Task to complete >> What is needed is an exact reproduction of the listing, without its pictures.

Supplied material >>
____________________

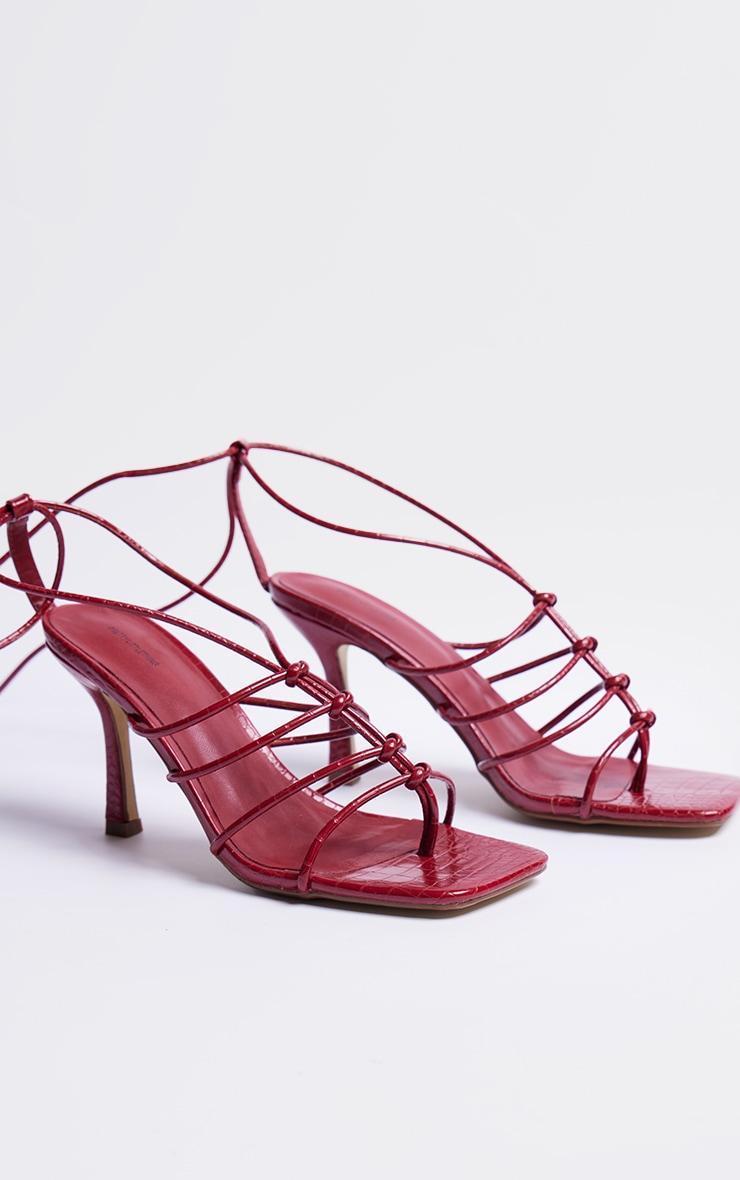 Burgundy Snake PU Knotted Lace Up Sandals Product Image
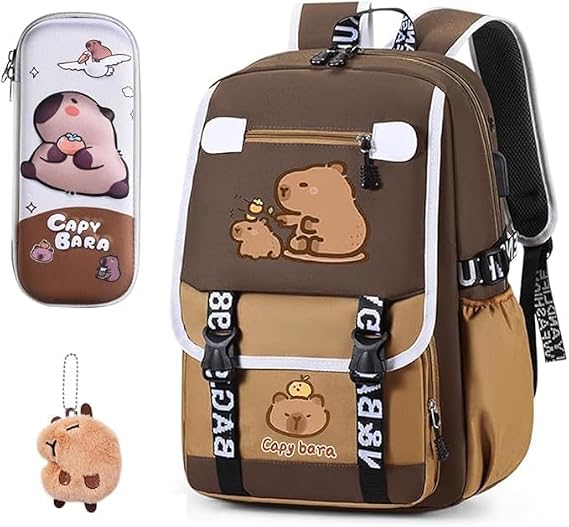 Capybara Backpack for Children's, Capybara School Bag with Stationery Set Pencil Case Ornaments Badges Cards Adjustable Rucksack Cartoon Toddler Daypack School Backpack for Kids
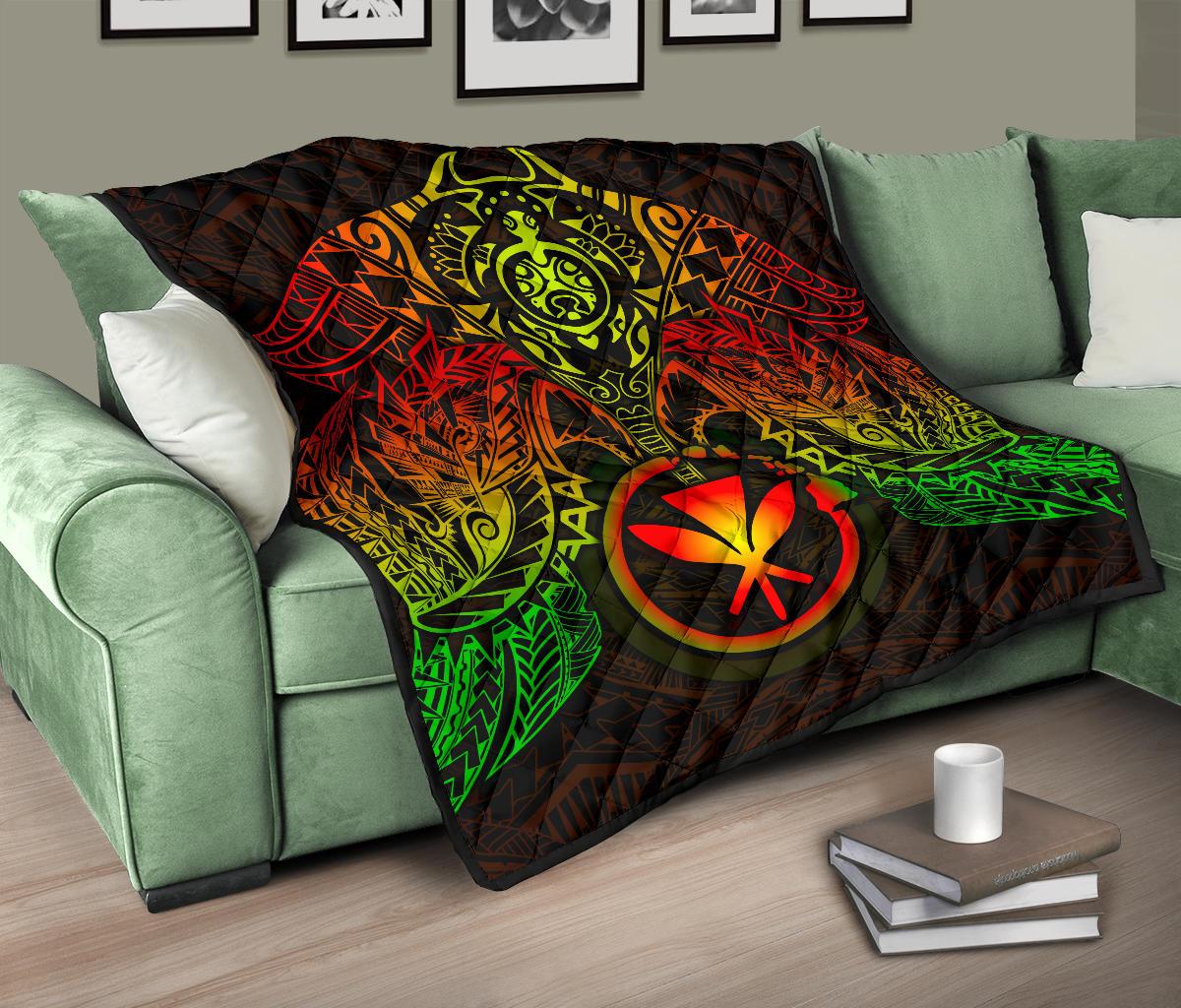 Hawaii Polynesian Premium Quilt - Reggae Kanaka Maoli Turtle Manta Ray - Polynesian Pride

____________________

Result of this task >>
 Burgundy Snake PU Knotted Lace Up Sandals Product Image
 Capybara Backpack for Children's, Capybara School Bag with Stationery Set Pencil Case Ornaments Badges Cards Adjustable Rucksack Cartoon Toddler Daypack School Backpack for Kids
 Hawaii Polynesian Premium Quilt - Reggae Kanaka Maoli Turtle Manta Ray - Polynesian Pride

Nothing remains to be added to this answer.